In Bangladesh, the average young woman is faced with limited options. To survive, she’s either coerced into marriage before she’s ready, forced to work under poor conditions for minimum wage or less, or lives in extreme poverty. But in a small village on the outskirts of Dhaka, one young woman’s drive and creativity has been harnessed.
Now, 18-year-old Nipa is her own boss.
Nipa lives with her parents, three sisters, and brother in a rickety house made from bamboo and tin sheets. She sleeps in one bed with two of her sisters.
Her father, once a shoe factory worker, wasn’t making enough income to send all his children to school and also feed the family. So, at 15 years old, Nipa’s only option was to leave school and find work in a factory. Nipa’s story is common in Bangladesh. The country’s booming garment industry relies on paying people a minimum wage in unsafe work environments.
Untrained, and competing with thousands of other girls in similar situations, Nipa struggled to find a break. But then she came up with a brilliant idea – and turned to a support network to help bring it to life.
Nipa decided she wanted to manufacture motorcycle grips – a product that’s in high demand in a bustling city like Dhaka – with her cousin. “I am involving my whole family in the production of grips from our home,” Nipa said. “We produce around 300 pairs a day and take them to market.”
She employs her parents and siblings, who all sit together, as they slice up foam materials, glue the strips together for malleability, and use an electric tool to mold each grip into a sturdy product. Much like a production line seen in the factories across the river, Nipa’s family members are each playing their part to keep the business growing.
Nipa caught the attention of B’YEAH, a local organization that encourages young job-seekers to pursue entrepreneurship. Through its outreach program, she developed her business idea and entered the Plan-supported Young Women’s Entrepreneurship Development (YWED) program.
Her venture has grown into an income-generating operation that supports her entire family.
Through the program she is gaining bookkeeping and business development skills, as well as self-respect and confidence. Currently, the income earned is sending her younger sister to school, and providing clothes and food for each family member.
Through the YWED program, Nipa has financial independence, confidence and – most importantly, for a young woman with determination – room to grow.

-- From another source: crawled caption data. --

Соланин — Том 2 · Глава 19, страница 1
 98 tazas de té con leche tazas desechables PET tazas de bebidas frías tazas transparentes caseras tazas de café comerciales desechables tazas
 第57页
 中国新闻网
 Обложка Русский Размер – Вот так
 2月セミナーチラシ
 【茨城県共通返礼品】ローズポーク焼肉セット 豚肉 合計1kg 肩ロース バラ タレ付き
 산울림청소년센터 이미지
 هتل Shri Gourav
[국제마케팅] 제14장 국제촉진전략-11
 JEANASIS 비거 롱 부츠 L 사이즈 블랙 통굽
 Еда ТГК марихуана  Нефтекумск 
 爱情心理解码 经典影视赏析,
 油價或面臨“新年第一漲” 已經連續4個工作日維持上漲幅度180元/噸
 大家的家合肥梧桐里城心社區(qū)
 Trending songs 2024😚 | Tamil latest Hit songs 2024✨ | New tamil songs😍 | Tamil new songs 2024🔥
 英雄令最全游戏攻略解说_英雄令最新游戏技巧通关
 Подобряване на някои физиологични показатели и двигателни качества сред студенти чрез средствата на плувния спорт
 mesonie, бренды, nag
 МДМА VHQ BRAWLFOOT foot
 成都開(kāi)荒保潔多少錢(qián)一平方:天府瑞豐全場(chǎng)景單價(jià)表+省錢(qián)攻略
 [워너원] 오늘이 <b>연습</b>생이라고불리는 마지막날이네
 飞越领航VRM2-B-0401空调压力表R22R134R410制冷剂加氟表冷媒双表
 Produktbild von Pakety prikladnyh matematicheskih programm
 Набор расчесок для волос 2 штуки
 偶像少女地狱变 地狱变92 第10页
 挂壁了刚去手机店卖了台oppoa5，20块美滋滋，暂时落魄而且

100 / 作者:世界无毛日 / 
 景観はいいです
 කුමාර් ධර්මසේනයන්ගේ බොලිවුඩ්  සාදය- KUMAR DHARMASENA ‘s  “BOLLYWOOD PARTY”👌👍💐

The concept of women’s entrepreneurship is not well accepted in Bangladesh, with women owning less than 3 percent of all enterprises and most banks favoring men in their loan-giving schemes. Naturally a goal setter, Nipa hasn’t lost sight of her studies either.
“My friends are a source of inspiration for me – they are encouraging me to keep my business growing, but they also want me to go back to school once the business is developed,” Nipa said. “Right now I can’t invest time in my study, but I’ll start again next January through Open University. Then I’ll be able to manage both my studies and my business.”
Nipa also dreams of expanding her business. The Plan program has been negotiating with a local bank, allowing Nipa to access a loan. Using the loan, she’ll move the business to a larger space where she can employ other young, disadvantaged women and even start manufacturing seats for rickshaws – a very common and cost-effective mode of transport in Dhaka.
“Not all women feel safe to go out into the community – so I know I can give them work to do at home,” Nipa said. “I’d like to focus on employing underprivileged women in the future so they can support their families.”
Nipa is not dissimilar to millions of women around the world whose life opportunities are limited due to a lack of education. But with her vision for a better life, she is setting an example for everyone around her, and playing her part in breaking the cycle of poverty.